Most of their countries – including the world’s largest greenhouse gas emitters, some of the poorest countries and vulnerable small island states – have submitted offers of climate action through their Intended Nationally Determined Contributions (INDCs).
While these are a hugely significant step in the right direction, they are not enough.
An agreement must help countries must go beyond what’s currently on the table
We’ve already emitted more than two thirds of the emissions that the atmosphere can absorb before temperatures rise by more than 2 degrees Celsius, the target agreed during previous climate talks. The best available estimates suggest that even if current INDCs are fully implemented, we would still be heading to a 2.7 degree increase in temperature.
Negotiations in Paris must therefore support and incentivise ever greater action at all levels – government, business, and civil society – and result in arrangements that support countries to not just achieve, but exceed the goals set in their INDCs. An agreement in Paris can make a difference by mobilising investment to realise and accelerate action, and establishing a clear process to review and increase efforts to mitigate and adapt to climate change.
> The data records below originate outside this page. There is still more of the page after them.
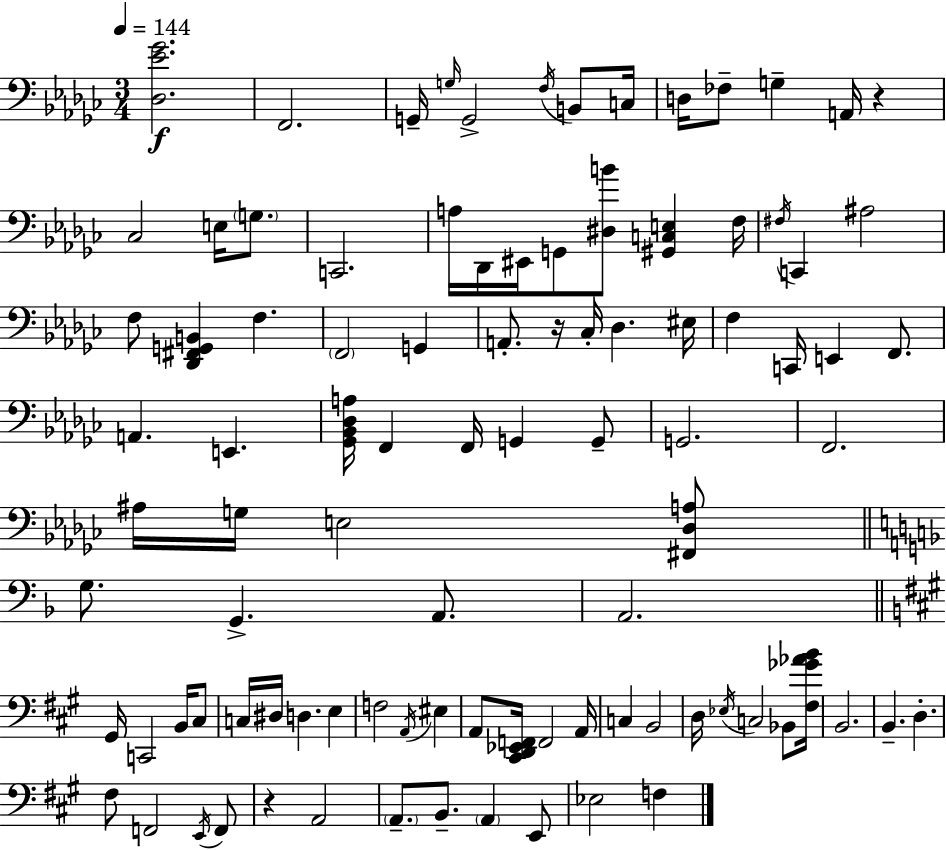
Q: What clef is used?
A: bass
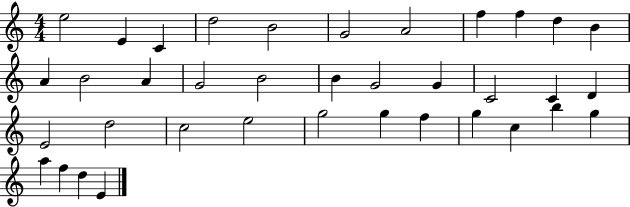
X:1
T:Untitled
M:4/4
L:1/4
K:C
e2 E C d2 B2 G2 A2 f f d B A B2 A G2 B2 B G2 G C2 C D E2 d2 c2 e2 g2 g f g c b g a f d E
Mobilising finance to accelerate action can be a part of the solution
Developed countries will need to meet their commitments to finance adaptation and mitigation in developing countries. Many donors have committed to significant increases in public climate finance: several European countries have offered to double their public climate finance contributions by 2020.
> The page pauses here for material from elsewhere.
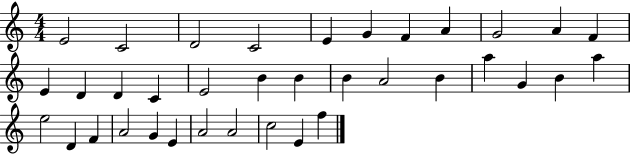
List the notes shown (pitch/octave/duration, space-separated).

E4/h C4/h D4/h C4/h E4/q G4/q F4/q A4/q G4/h A4/q F4/q E4/q D4/q D4/q C4/q E4/h B4/q B4/q B4/q A4/h B4/q A5/q G4/q B4/q A5/q E5/h D4/q F4/q A4/h G4/q E4/q A4/h A4/h C5/h E4/q F5/q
But developing countries will seek greater clarity over how finance will be scaled up over time. Increasing adaptation finance to help the poorest and most vulnerable countries will be essential.
Ideally, developed countries would commit to increase the concessional finance that will be available to address risks that impede investment in climate change.
More flexible low cost finance and better ways of spending it will catalyse action at all levels, particularly by the private sector, which could accelerate the transition to climate-compatible development.
Paris should signal support for the greening of all investment and financial flows
The business case for climate action is clear: over the last five years the costs of clean energy have plummeted.
Yet governments around the world – developed and developing alike – continue to offer billions of dollars of subsidies for the production of fossil fuels that cause climate change. There’s an urgent need to phase these out, and instead increase investment in research, development and innovation to make climate action even more viable faster.
Taking steps to mobilise finance for INDCs to support ambitious implementation, would help all countries meet and exceed their proposed goals.
We need a process to ratchet up action
An international framework for action must prompt countries to offer new commitments of action, through which they do more to reduce emissions and strengthen resilience to climate change. Without clarity on this process, it will be hard to consider the agreement a success.
Parties will need to agree on a set of rules and systems for tracking and ramping up progress in implementing national contributions. Many have called for a requirement to review INDCs every five years and ratchet up action.
No international agreement can be expected to address all relevant aspects or approaches to a problem as urgent and encompassing as climate change. But the players gathered in Paris have a historic opportunity to set the world on a safer trajectory that delivers better outcomes for people and the planet. Now they must mobilise the investment to ensure that this happens.